Por si lo anterior no fuera suficientemente gratificante para las personas que hemos alcanzado esa edad se destaca que “el cerebro ya no es tan rápido como en la juventud. Sin embargo, gana en flexibilidad. Por lo tanto, con la edad, es más probable que tomemos las decisiones correctas y estemos menos expuestos a las emociones negativas. El pico de la actividad intelectual humana ocurre alrededor de los 70 años, cuando el cerebro comienza a funcionar con toda su fuerza”.

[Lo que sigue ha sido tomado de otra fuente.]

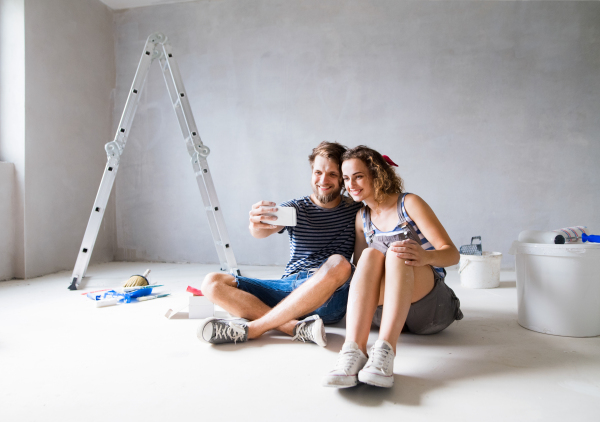 Beautiful young couple in love having fun, painting walls of their new house, taking selfie with smart phone. Home makeover and renovation concept.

En el mencionado escrito se dice también que el profesor Monchi Uri, de la Universidad de Montreal, “cree que el cerebro del anciano elige el camino que consume menos energía, elimina lo innecesario y deja solo las opciones adecuadas para resolver el problema. Se realizó un estudio en el que participaron diferentes grupos de edad. Los jóvenes estaban muy confundidos al pasar las pruebas, mientras que los mayores de 60 años tomaban las decisiones correctas”.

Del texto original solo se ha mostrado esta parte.